In 2010, Simone’s fiancé — blind adventure athlete Mark Pollock — broke his back, and together the two learned how paralysis strikes at the very heart of what it means to be human. George’s research, which began by Pollock’s hospital bed, became the start of their next adventure — to find and connect people around the world to fast-track a cure for paralysis. George has been a catalyst for a global collaboration between groundbreaking scientists creating a paralysis cure and is the subject of feature documentary: Unbreakable. She is a director on the board of the Christopher and Dana Reeve Foundation, a masters graduate from The College of Europe, Bruges, holds a diploma from Harvard and is a double-graduate of NUI Galway.
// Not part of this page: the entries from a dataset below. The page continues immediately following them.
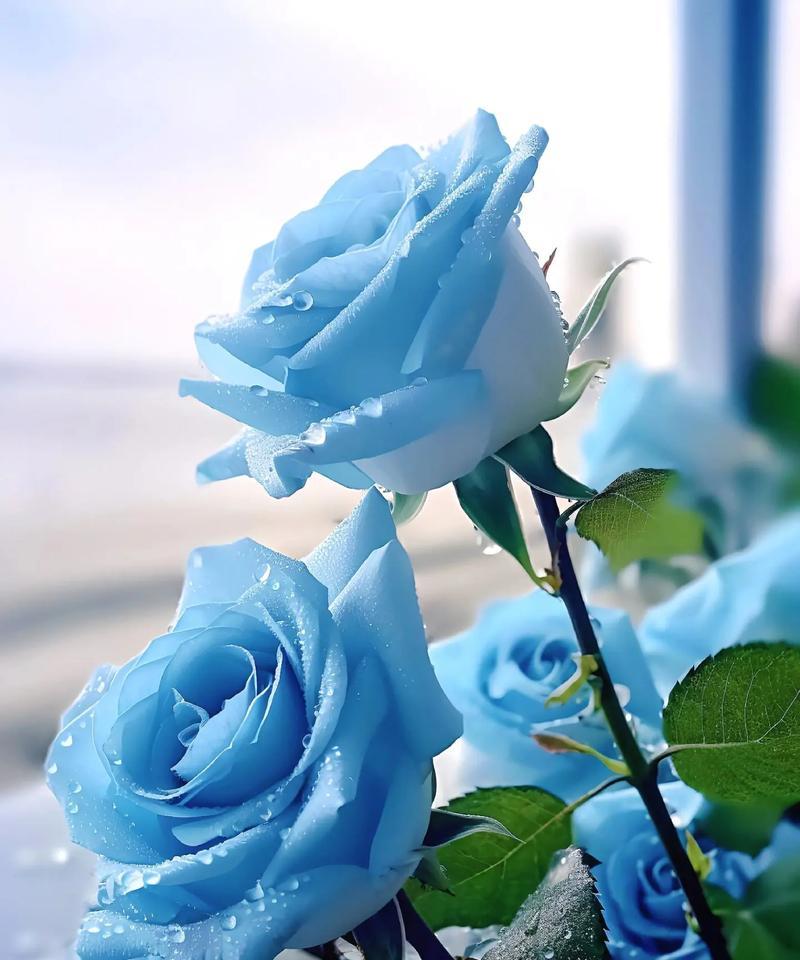 蓝玫瑰花包多少朵花束寓意好？蓝玫瑰花束的含义是什么？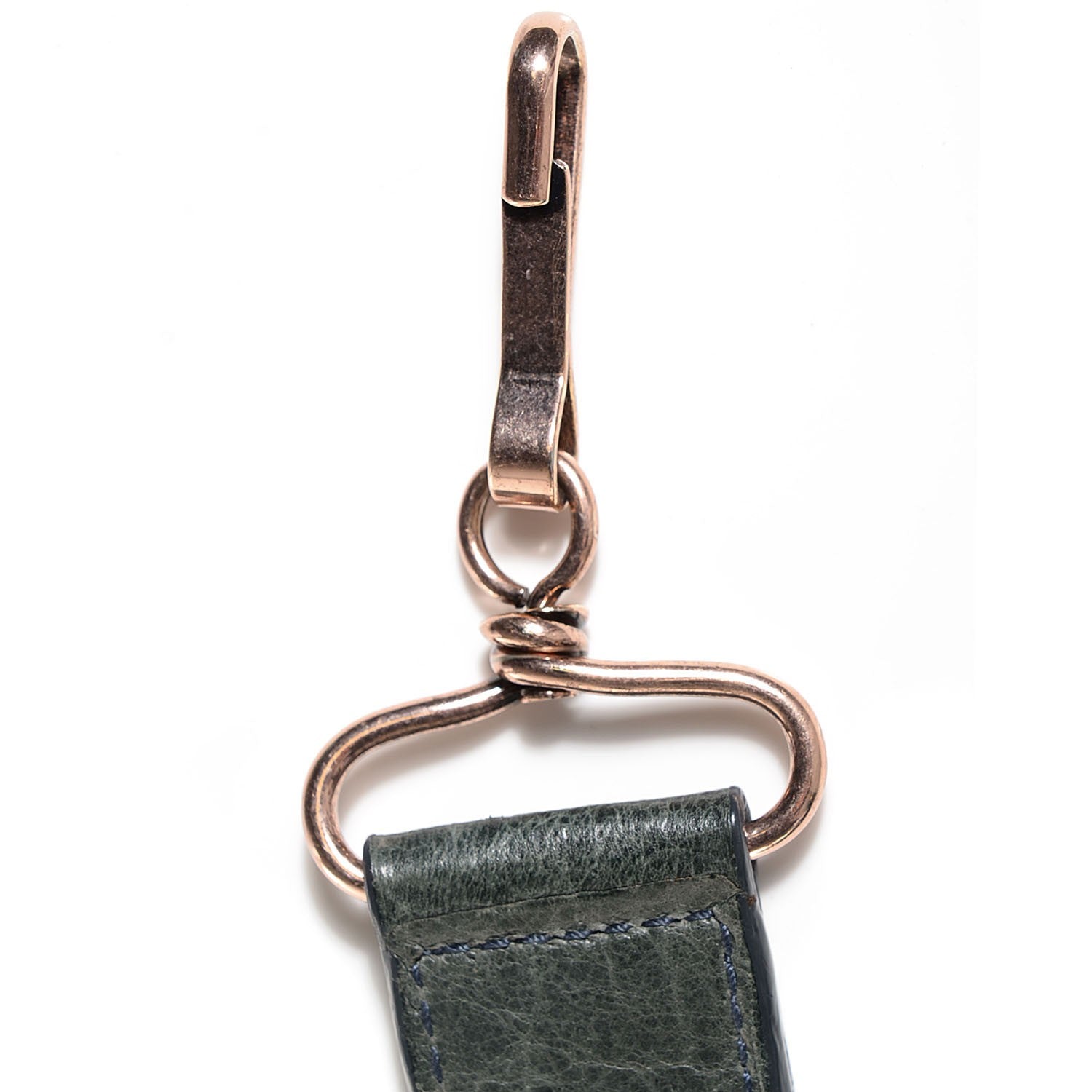 Balenciaga Agneau Giant 12 Rose Gold Hardware Town Anthracite 11 of 12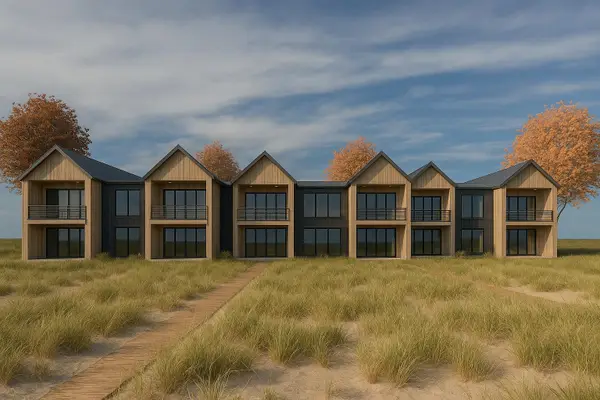 Unit 6A Lake, Frankfort, MI 49635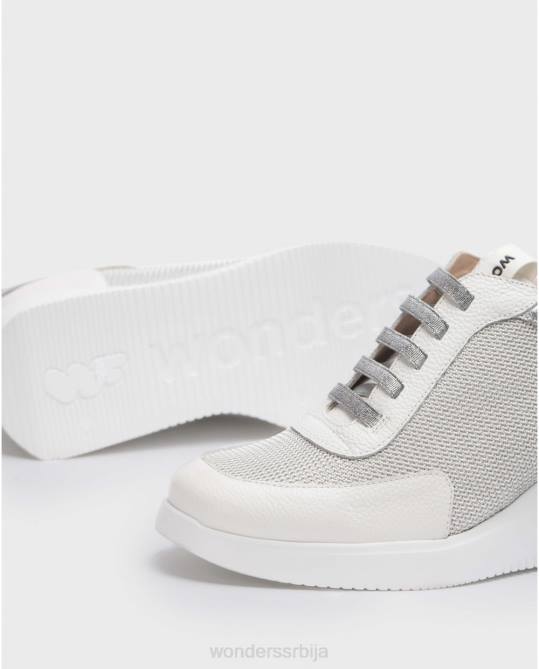 офф/гри/пл беле дуге патике Жене Wonders 2NZV130 обућа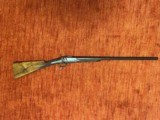 1865 Boss & Co. single barrel 12 bore with Jones underlever, excellent condition - 2 of 13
Simone is a double law graduate of the National University of Ireland, Galway and a Masters graduate of The Collège d’Europe in Bruges holds a diploma in Global Leadership and Public Policy for the 21st Century from the Harvard Kennedy School. She is a Director of the Christopher and Dana Reeve Foundation, sits on the advisory board of Herstory Ireland and is a co-founder and thought partner for the Mark Pollock Trust.


Daniel Del Gobbo

Adjunct Professor, Osgoode Hall Law School
SJD Candidate, University of Toronto Faculty of Law
Visiting Scholar

Daniel Del Gobbo is a Pierre Elliott Trudeau Foundation Scholar, CBA Viscount Bennett Fellow, SSHRC Doctoral Fellow, and SJD Candidate at the University of Toronto Faculty of Law. His current research interests fall at the intersections of ADR and civil procedure, feminist and queer legal theory, access to justice, and equality law, with his doctoral work focusing on the use of consensual dispute resolution in addressing the problem of campus sexual violence in Canada and the United States. Previously, Daniel earned an LLM from Harvard Law School and JD from Osgoode Hall Law School, York University.
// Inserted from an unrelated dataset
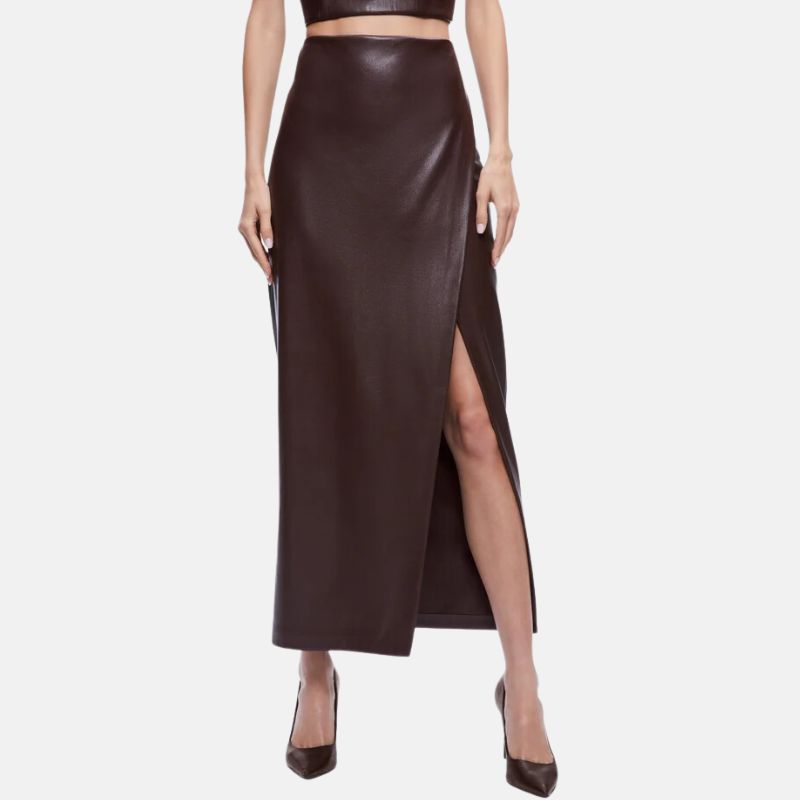 womens-dark-brown-leather-asymmetrical-midi-skirt_68640712-0222-4b17-b7d8-8868b1096812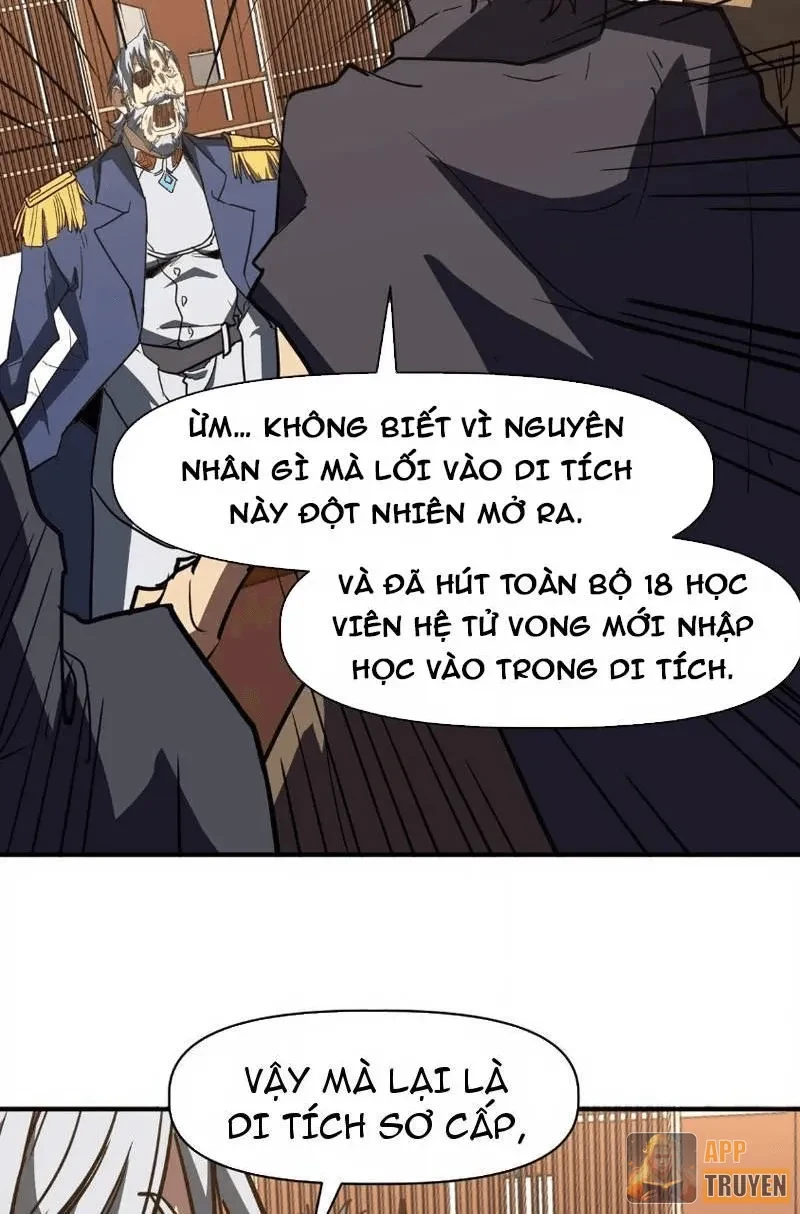 Chỉ Có Một Giọt Máu Vĩnh Cửu, Ta Vô Địch Tại Thế Chapter 25 - 61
Daniel is currently an Adjunct Professor at Osgoode Hall Law School, where he teaches “Dispute Settlement,” an advanced, upper-year seminar in ADR and dispute systems design, and leads a team of over 30 instructors as the Course Director of “Lawyer as Negotiator,” an experiential learning course in representative negotiation. He has received the Osgoode Hall Law School Teaching Award for Adjunct Faculty in recognition of his contributions to the Osgoode community.
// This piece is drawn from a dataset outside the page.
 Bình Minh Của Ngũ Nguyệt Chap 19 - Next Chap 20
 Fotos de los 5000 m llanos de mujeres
Daniel‘s academic and advocacy work are committed to the public interest. He has advised organizations including the Women’s Legal Education and Action Fund, Canadian Civil Liberties Association, and International Committee of the Red Cross on projects related to restorative justice, sexual violence, humanitarian negotiation, women’s rights, and LGBTQ2 equality in Canada. Before entering academia, Daniel maintained a busy litigation practice in both the private and public sectors, working for two multinational law firms as well as one of the largest social housing providers in North America.